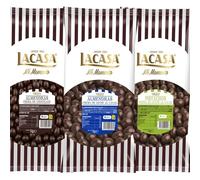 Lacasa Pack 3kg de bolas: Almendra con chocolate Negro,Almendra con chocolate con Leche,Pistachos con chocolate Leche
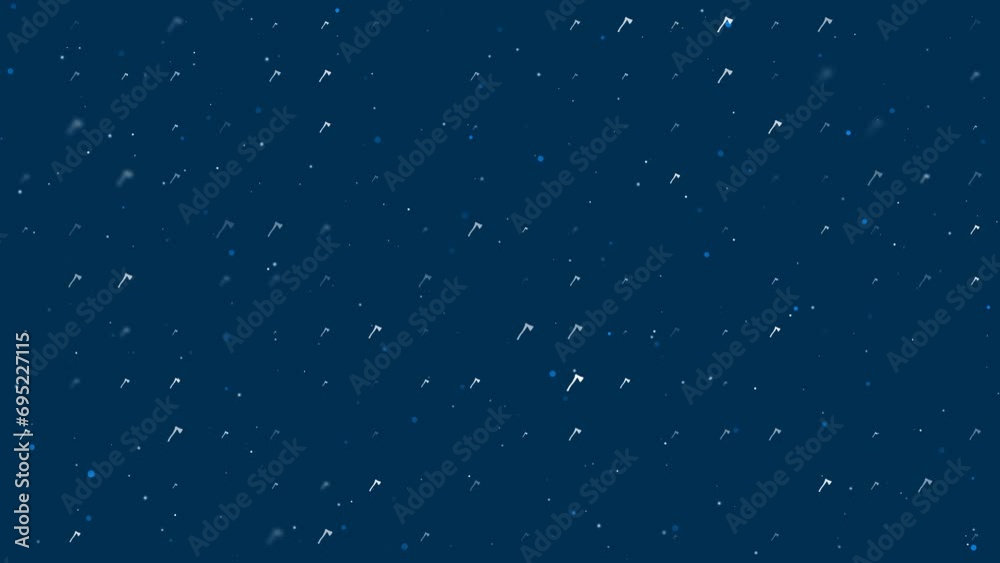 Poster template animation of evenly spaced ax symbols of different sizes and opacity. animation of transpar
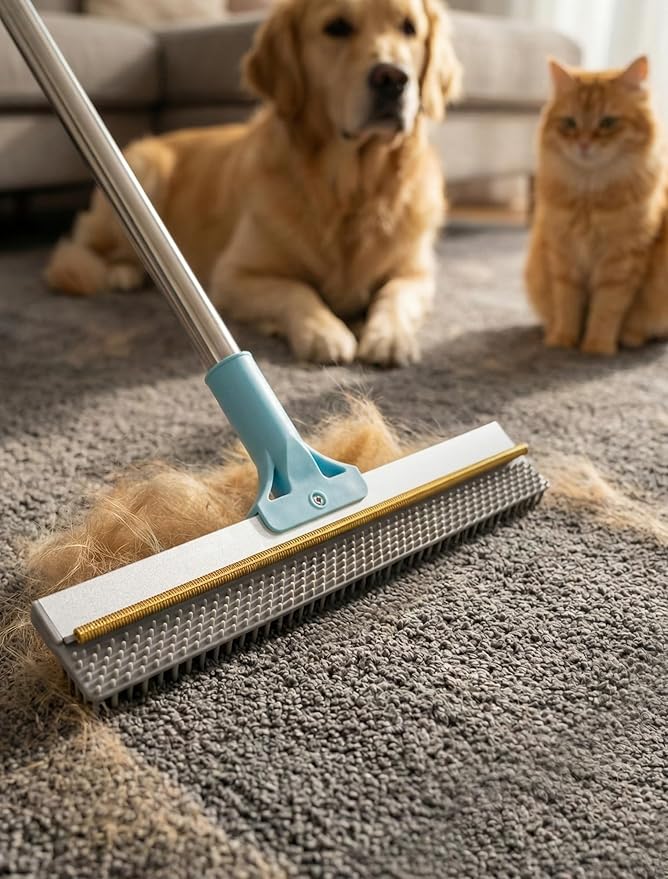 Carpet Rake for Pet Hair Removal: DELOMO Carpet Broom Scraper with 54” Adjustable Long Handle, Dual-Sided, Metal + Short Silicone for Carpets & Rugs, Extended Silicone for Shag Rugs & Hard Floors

» Task details:
Exclude the pictures. Write out the remaining data exactly.

» Output for this task:
 Lacasa Pack 3kg de bolas: Almendra con chocolate Negro,Almendra con chocolate con Leche,Pistachos con chocolate Leche
 Poster template animation of evenly spaced ax symbols of different sizes and opacity. animation of transpar
 Carpet Rake for Pet Hair Removal: DELOMO Carpet Broom Scraper with 54” Adjustable Long Handle, Dual-Sided, Metal + Short Silicone for Carpets & Rugs, Extended Silicone for Shag Rugs & Hard Floors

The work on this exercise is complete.